What's In Store for the Theatre Department?

   Jonathan Austin leads as Algernon Moncrief in  The Importance of Being Earnest.  Photo by Reed Schick.

Jonathan Austin leads as Algernon Moncrief in The Importance of Being Earnest. Photo by Reed Schick.

This spring, the Covenant community can anticipate three performances by the Theatre Department: The Importance of Being Earnest by Oscar Wilde, which is already well underway in terms of production; Peter/Wendy by Jeremy Bloom, which will be directed by Abigail DeGraaf (‘18); and a new tradition unfolding at Covenant, which will invite any member of the student body to partake in a showcase of student talent, regardless of background or experience. This revue will be led by Drama Club president, Maya Pirschel (‘19). Covenant College’s Theatre Department calls for the mountain’s attention, and from the excitement expressed by various members of the department, the attention is well deserved.

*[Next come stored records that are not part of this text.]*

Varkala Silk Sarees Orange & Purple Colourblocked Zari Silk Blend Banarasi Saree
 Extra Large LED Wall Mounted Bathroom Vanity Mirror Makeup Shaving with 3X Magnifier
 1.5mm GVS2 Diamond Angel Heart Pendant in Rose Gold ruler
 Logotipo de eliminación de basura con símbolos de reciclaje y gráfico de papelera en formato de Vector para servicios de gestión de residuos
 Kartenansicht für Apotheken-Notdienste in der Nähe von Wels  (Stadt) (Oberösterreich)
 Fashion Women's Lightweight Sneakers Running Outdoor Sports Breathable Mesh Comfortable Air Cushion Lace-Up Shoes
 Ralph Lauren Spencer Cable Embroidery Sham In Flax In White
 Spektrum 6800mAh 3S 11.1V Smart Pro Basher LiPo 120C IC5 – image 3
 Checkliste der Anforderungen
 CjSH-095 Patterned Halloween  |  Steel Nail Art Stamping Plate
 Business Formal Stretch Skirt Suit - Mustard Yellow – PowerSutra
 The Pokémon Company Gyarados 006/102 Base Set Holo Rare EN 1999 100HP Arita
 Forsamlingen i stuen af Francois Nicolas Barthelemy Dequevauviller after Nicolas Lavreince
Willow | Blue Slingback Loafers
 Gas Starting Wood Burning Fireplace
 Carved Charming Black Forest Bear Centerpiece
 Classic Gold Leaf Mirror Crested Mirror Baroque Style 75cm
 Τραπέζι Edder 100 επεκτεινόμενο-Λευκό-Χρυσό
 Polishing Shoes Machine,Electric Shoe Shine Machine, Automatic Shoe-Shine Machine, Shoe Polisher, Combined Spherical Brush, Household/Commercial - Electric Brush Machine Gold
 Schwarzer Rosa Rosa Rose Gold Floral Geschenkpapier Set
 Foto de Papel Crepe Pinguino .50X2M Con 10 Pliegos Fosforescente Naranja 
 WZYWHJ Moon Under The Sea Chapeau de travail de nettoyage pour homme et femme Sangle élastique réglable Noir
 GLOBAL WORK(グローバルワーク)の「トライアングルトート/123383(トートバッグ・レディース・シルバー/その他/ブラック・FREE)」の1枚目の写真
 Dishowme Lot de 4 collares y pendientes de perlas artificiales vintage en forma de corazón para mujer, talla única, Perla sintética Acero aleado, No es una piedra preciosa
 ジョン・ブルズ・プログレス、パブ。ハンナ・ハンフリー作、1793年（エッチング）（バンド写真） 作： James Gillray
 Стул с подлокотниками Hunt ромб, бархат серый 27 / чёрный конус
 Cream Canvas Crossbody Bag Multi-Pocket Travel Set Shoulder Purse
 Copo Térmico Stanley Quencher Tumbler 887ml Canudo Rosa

    When asked about the current work on The Importance of Being Earnest, Will Payne (‘20) addressed a comical factor in this production: his role as Lady Bracknell. “On the practical side, taking this role is a fantastic chance to expand my grasp of the craft of acting. Cross-gender roles in the theatre, although rarely done at Covenant, have a history reaching back thousands of years.” Payne offered insight as to why it is not such a shock that a man would be cast as the female role, explaining that the character is often played by a man. “Christian actor David Suchet played [Lady Bracknell]; Brian Bedford and Geoffrey Rush played her. It’s an uproariously funny and interesting role for a male actor to play.”

To further note the impact that the cross-gender role has on the show, Payne revealed a bit about the content of the story itself. “One of the play’s primary lines of satire relies on over-exaggeration of gender to reveal the ridiculousness of traditional values…The whole play is about people pretending to be different than they really are. No one ever speaks a sincere sentence… plus, it is full of subtexts about gender, sexuality, and closeted identity. Casting Bracknell as a male actor helps to underscore those subtexts, and give the audience more to think about.”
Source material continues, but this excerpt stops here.